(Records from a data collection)
-*-
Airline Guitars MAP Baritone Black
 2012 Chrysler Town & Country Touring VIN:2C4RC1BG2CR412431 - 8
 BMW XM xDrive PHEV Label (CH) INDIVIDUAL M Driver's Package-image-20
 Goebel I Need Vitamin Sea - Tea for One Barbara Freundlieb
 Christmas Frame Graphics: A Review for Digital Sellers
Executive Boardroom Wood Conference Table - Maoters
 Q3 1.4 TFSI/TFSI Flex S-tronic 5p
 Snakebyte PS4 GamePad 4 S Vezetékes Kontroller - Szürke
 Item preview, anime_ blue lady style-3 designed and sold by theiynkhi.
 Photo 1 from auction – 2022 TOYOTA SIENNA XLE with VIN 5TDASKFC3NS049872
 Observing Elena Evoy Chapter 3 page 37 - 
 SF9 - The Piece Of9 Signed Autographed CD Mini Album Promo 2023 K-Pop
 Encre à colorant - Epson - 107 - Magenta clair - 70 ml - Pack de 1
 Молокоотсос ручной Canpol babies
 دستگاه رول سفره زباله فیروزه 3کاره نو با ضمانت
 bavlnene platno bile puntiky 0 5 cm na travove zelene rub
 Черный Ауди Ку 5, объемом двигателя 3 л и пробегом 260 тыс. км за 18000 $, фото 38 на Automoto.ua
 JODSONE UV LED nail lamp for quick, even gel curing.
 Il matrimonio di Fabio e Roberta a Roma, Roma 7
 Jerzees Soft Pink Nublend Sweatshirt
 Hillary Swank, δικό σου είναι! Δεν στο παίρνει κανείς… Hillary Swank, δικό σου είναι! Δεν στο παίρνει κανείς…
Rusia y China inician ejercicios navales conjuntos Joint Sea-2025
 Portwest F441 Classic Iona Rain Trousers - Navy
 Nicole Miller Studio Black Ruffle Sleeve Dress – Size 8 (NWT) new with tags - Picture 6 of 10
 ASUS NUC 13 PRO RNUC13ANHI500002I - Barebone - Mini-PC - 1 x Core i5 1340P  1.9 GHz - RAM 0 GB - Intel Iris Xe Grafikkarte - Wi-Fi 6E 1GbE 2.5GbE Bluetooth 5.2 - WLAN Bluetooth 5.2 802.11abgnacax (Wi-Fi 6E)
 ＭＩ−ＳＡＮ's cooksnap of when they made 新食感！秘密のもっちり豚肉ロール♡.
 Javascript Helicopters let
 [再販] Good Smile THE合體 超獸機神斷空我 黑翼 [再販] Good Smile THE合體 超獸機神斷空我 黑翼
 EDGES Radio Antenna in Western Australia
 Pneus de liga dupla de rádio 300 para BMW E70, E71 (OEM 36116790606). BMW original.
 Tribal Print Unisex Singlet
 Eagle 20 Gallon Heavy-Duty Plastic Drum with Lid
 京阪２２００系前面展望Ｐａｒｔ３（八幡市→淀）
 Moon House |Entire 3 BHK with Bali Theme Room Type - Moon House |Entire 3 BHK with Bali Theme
-*-
- _BRIEF_: Return the records in full. Omit nothing.

- _ANSWER FOR THIS EXERCISE_:
Airline Guitars MAP Baritone Black
 2012 Chrysler Town & Country Touring VIN:2C4RC1BG2CR412431 - 8
 BMW XM xDrive PHEV Label (CH) INDIVIDUAL M Driver's Package-image-20
 Goebel I Need Vitamin Sea - Tea for One Barbara Freundlieb
 Christmas Frame Graphics: A Review for Digital Sellers
Executive Boardroom Wood Conference Table - Maoters
 Q3 1.4 TFSI/TFSI Flex S-tronic 5p
 Snakebyte PS4 GamePad 4 S Vezetékes Kontroller - Szürke
 Item preview, anime_ blue lady style-3 designed and sold by theiynkhi.
 Photo 1 from auction – 2022 TOYOTA SIENNA XLE with VIN 5TDASKFC3NS049872
 Observing Elena Evoy Chapter 3 page 37 - 
 SF9 - The Piece Of9 Signed Autographed CD Mini Album Promo 2023 K-Pop
 Encre à colorant - Epson - 107 - Magenta clair - 70 ml - Pack de 1
 Молокоотсос ручной Canpol babies
 دستگاه رول سفره زباله فیروزه 3کاره نو با ضمانت
 bavlnene platno bile puntiky 0 5 cm na travove zelene rub
 Черный Ауди Ку 5, объемом двигателя 3 л и пробегом 260 тыс. км за 18000 $, фото 38 на Automoto.ua
 JODSONE UV LED nail lamp for quick, even gel curing.
 Il matrimonio di Fabio e Roberta a Roma, Roma 7
 Jerzees Soft Pink Nublend Sweatshirt
 Hillary Swank, δικό σου είναι! Δεν στο παίρνει κανείς… Hillary Swank, δικό σου είναι! Δεν στο παίρνει κανείς…
Rusia y China inician ejercicios navales conjuntos Joint Sea-2025
 Portwest F441 Classic Iona Rain Trousers - Navy
 Nicole Miller Studio Black Ruffle Sleeve Dress – Size 8 (NWT) new with tags - Picture 6 of 10
 ASUS NUC 13 PRO RNUC13ANHI500002I - Barebone - Mini-PC - 1 x Core i5 1340P  1.9 GHz - RAM 0 GB - Intel Iris Xe Grafikkarte - Wi-Fi 6E 1GbE 2.5GbE Bluetooth 5.2 - WLAN Bluetooth 5.2 802.11abgnacax (Wi-Fi 6E)
 ＭＩ−ＳＡＮ's cooksnap of when they made 新食感！秘密のもっちり豚肉ロール♡.
 Javascript Helicopters let
 [再販] Good Smile THE合體 超獸機神斷空我 黑翼 [再販] Good Smile THE合體 超獸機神斷空我 黑翼
 EDGES Radio Antenna in Western Australia
 Pneus de liga dupla de rádio 300 para BMW E70, E71 (OEM 36116790606). BMW original.
 Tribal Print Unisex Singlet
 Eagle 20 Gallon Heavy-Duty Plastic Drum with Lid
 京阪２２００系前面展望Ｐａｒｔ３（八幡市→淀）
 Moon House |Entire 3 BHK with Bali Theme Room Type - Moon House |Entire 3 BHK with Bali Theme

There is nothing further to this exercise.